A ty kładziesz drżący palec na moich ustach i mówisz:
teraz cichutko miły, dzieci śpią…niech zagrają dreszcze
i tak jak wtedy na łące, wśród ciszy…mnie rozbierz
i muskaj mnie nieśmiało ustami od stóp aż do piersi…
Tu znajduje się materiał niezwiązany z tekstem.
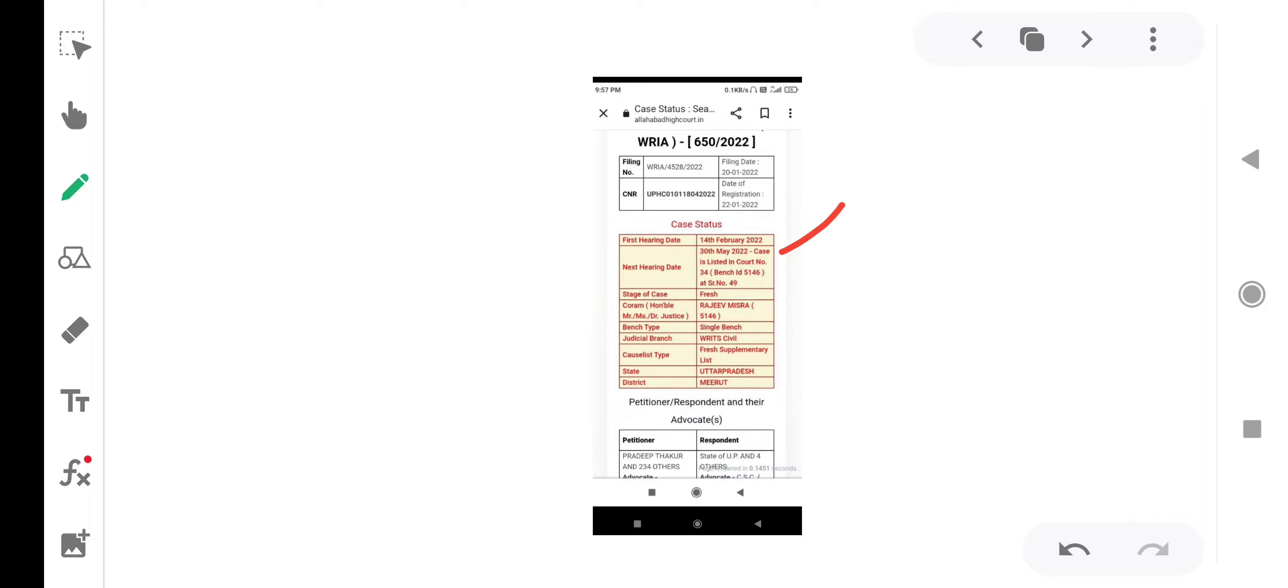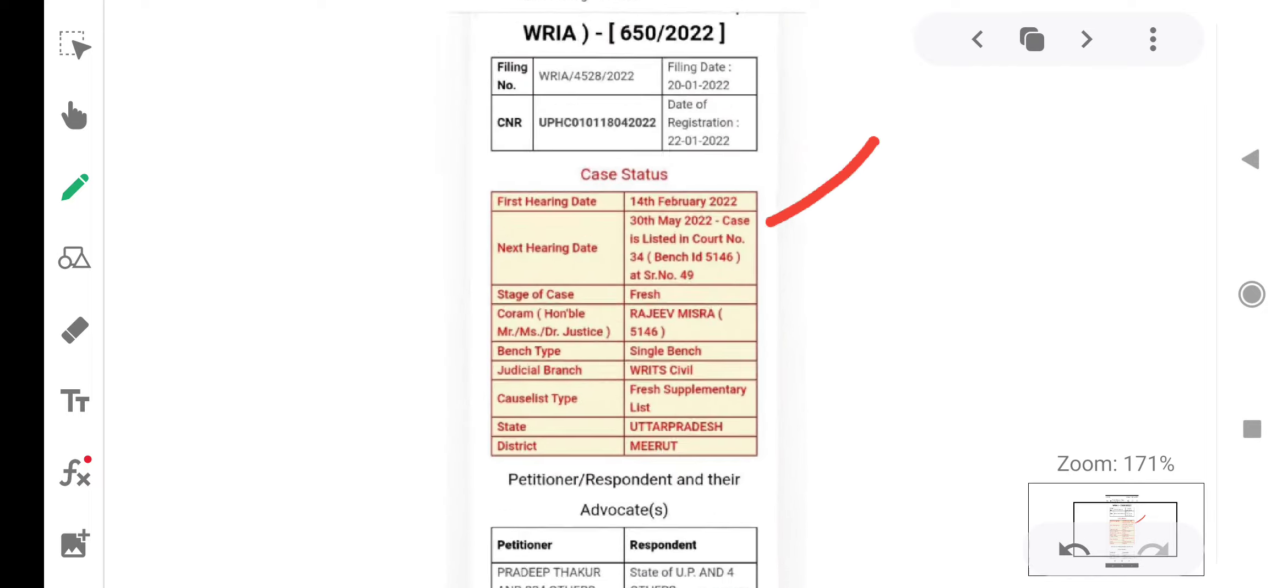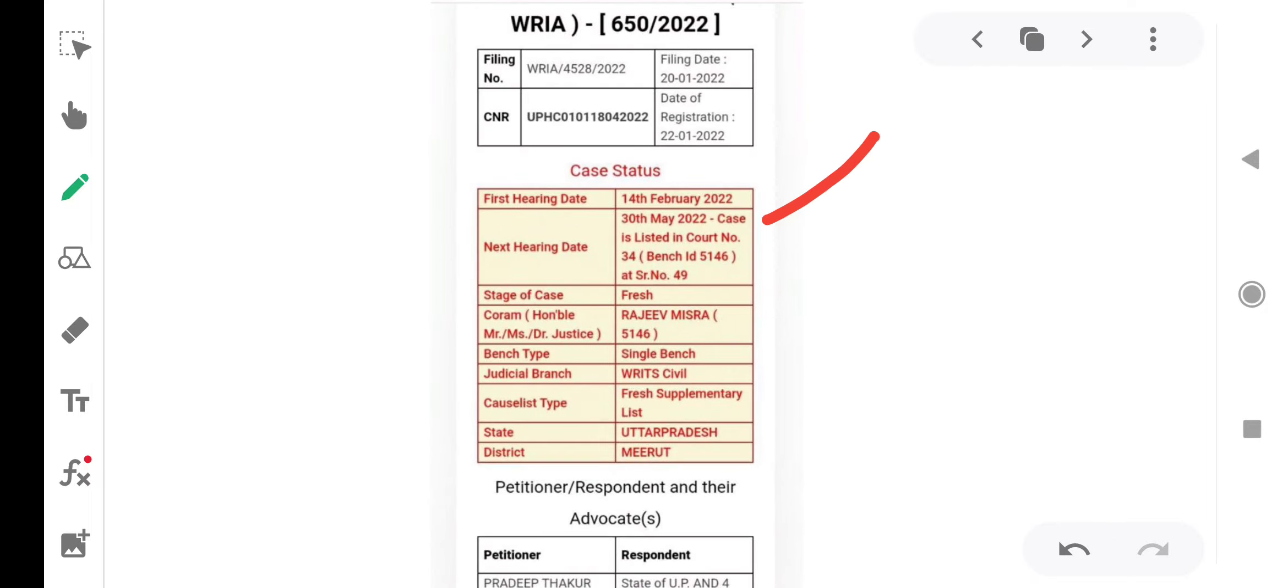As our serial number is 9, there are many chances that our case will be heard today. There will be a 90% chance that it will be.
Pieść mnie miły szalenie, tak nieporadnie i tak dziko
zatrać się w dotyku kształtów ciała dziewczęcego
niech twoje oczy jeszcze raz, tak jak wtedy zabłysną
i przywołają najpiękniejszy zachód słońca ówczesnego…
Spraw by moje ciało napięło się tak jak struna gitary
wydobądź dreszcz, który spłoszy senne ptaki i motyle
i rozczesz palcami moje włosy, zieleni oczu ciekawy
i odnajdź w nich swoje niebo…choć na króciutką chwilę…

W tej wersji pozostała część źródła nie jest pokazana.